TASK :: Pictures in the listing do not belong in the copy, which should repeat exactly the lines from the one holding "Sticks, Stones Book Cover" through the last line.

DATA SHOWN ::
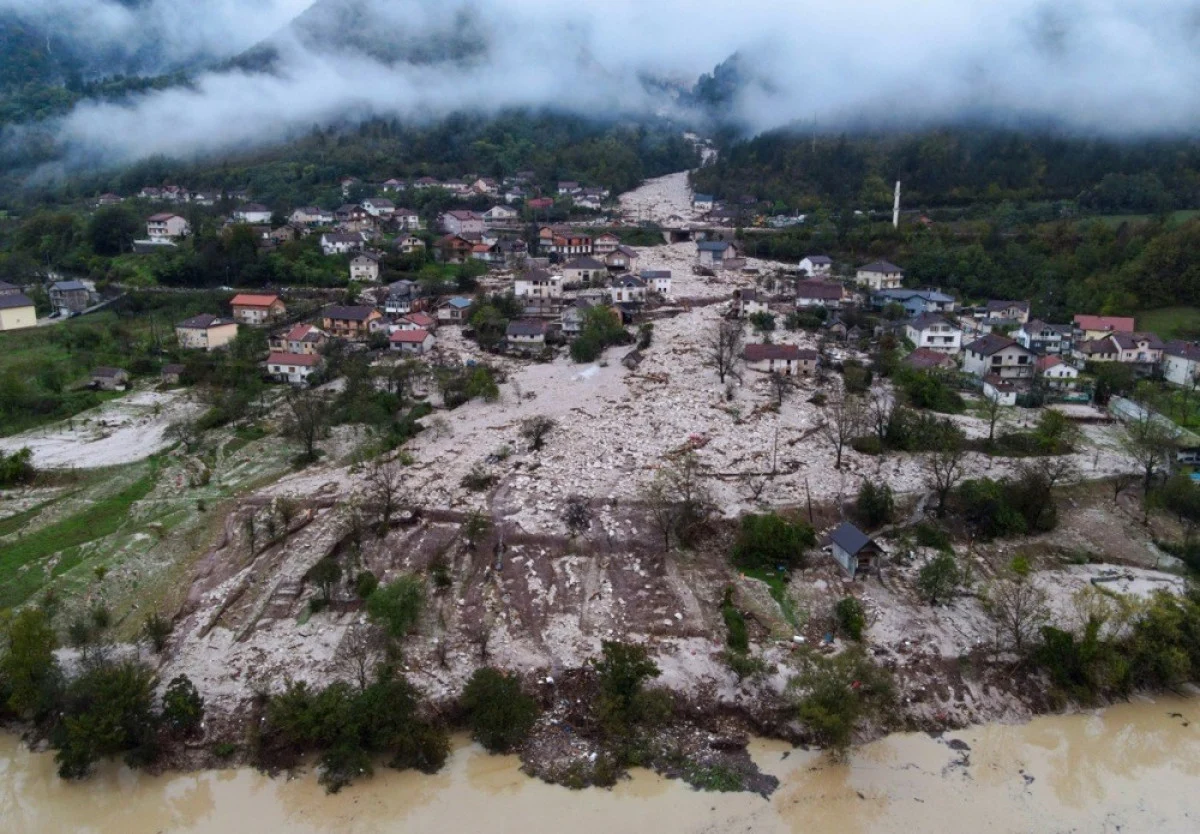 Bosna Hersek'te Sel Felaketi: Ölü Sayısı 26'ya Yükseldi - Sayfa 4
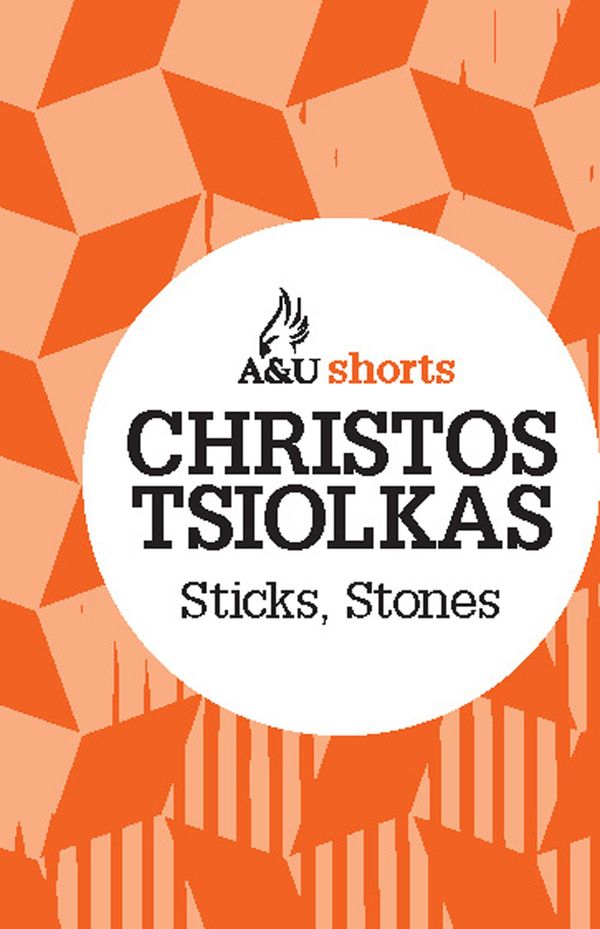 Sticks, Stones Book Cover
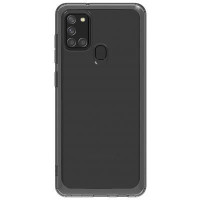 Чохол до мобільного телефона Samsung KD Lab Protective Cover Galaxy A21s (A217) Black (GP-FPA217KDABW)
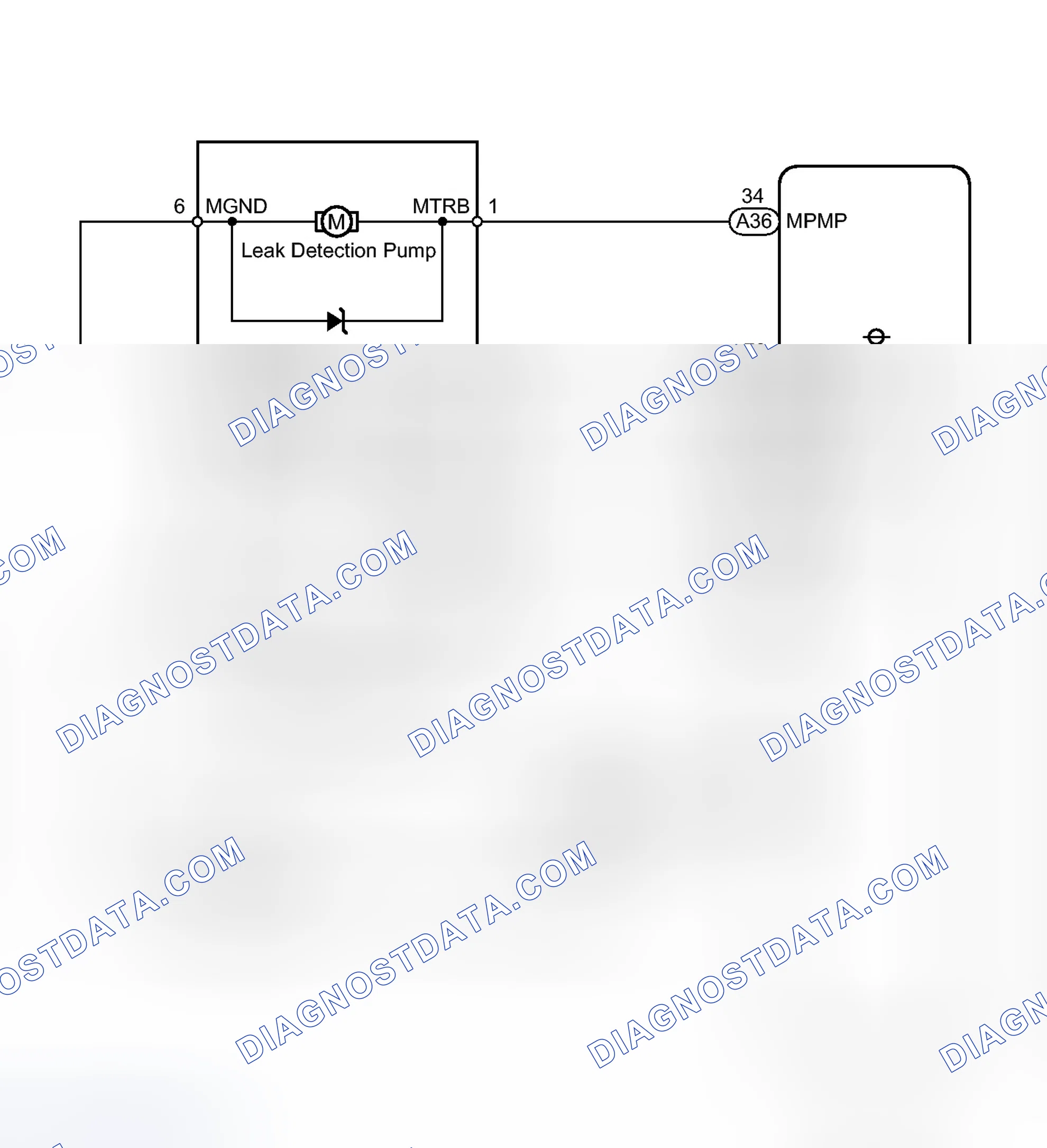 Scheme 207: WIRING DIAGRAM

SOLUTION TO THE PROBLEM ::
 Sticks, Stones Book Cover
 Чохол до мобільного телефона Samsung KD Lab Protective Cover Galaxy A21s (A217) Black (GP-FPA217KDABW)
 Scheme 207: WIRING DIAGRAM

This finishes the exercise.